The Daily Telegraph (London) |

by Rosa Prince and Martin Beckford PLANS to legalise abortion in Northern Ireland have been shelved by MPs after they were warned that the move could undermine the fragile peace process. A pro-choice group in the Commons had been preparing to table an amendment to the forthcoming Embryology Bill to introduce legal terminations to Northern Ireland, the only part of the UK where the procedure remains illegal. However, ministers have privately warned Labour MPs that, with the Stormont executive close to collapse, any move on abortion could tip Northern Ireland’s politicians into withdrawing from negotiations. The MPs still propose to push ahead with separate plans to make access to abortion easier in the rest of the country by removing the requirement for two doctors’ signatures and allowing nurses to carry out early-stage terminations. This is certain to lead to clashes in the House of Commons, where pro-life MPs are equally determined to block them. The Human Fertilisation and Embryology Bill, which also includes measures allowing embryo research, has already been the cause of some of the most heated exchanges in Parliament in recent years.
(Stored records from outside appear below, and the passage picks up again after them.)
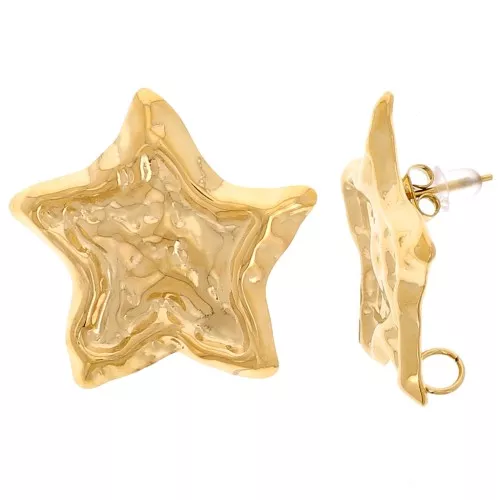 Pendientes Estrella de Mar 28x30 mm - Acero inoxidable dorado 304L x2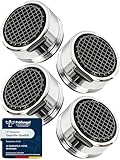4 Stk Wasserhahn Aufsatz Strahlregler M24 Wasserfluss 5l/min - High Tech Anti Kalk Wasserhahn Sieb mit Kugelförmige Filter - Luftsprudler aus Verchromten Messing - Aufsatz Strahlregler für Wasserhähne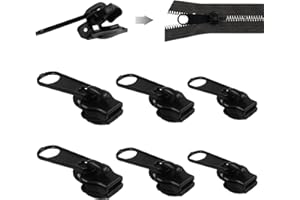 ENJIROR 6pcs Zipper Repair Kit 3 Sizes Removable Zip Slider Puller Replacement Set Instant Zipper Rescue Fix for Zipper Luggage, Suitcase, Backpacks, Jackets, Jeans, Extension & Fixing, Black, No Tools Needed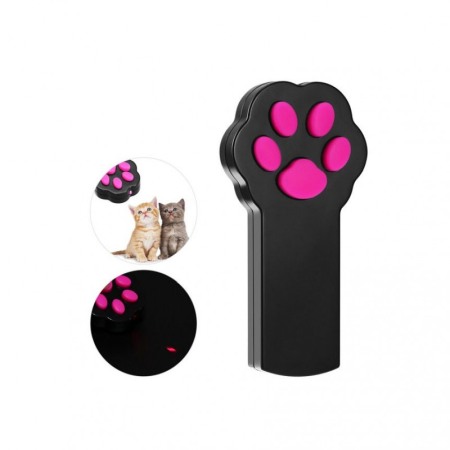 Jucarie laser pentru pisici ShowLight Paw, forma de labuta, dimensiuni reduse, interactiva, negru/roz, 10x5.5 cm [3]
It had been due to clear the Commons in July, but was suddenly halted on the intervention of Harriet Harman, the Leader of the House, who was said to be keen to see the Northern Ireland amendment pass and wanted more time to drum up support for it. Pro-choice MPs had been confident of success when the Bill returns to the Commons at the end of the month, particularly given the departure from the Cabinet of Ruth Kelly, the former transport secretary. As a committed Catholic, she had forced Gordon Brown to allow ministers an unusual free vote when it was last debated. In recent days, however, the Ulster political situation has deteriorated, with the Executive failing to meet as scheduled as a result of a disagreement between Unionists and republicans over the devolution of policing and justice. Abortion is one area where Northern Ireland’s politicians largely agree – with both Sinn Fein and the Democratic Unionist Party opposed to legalisation. About 1,400 girls and women travel to the British mainland from the province each year to have a termination. The 1967 Act that legalised abortion in Britain was never extended to Northern Ireland.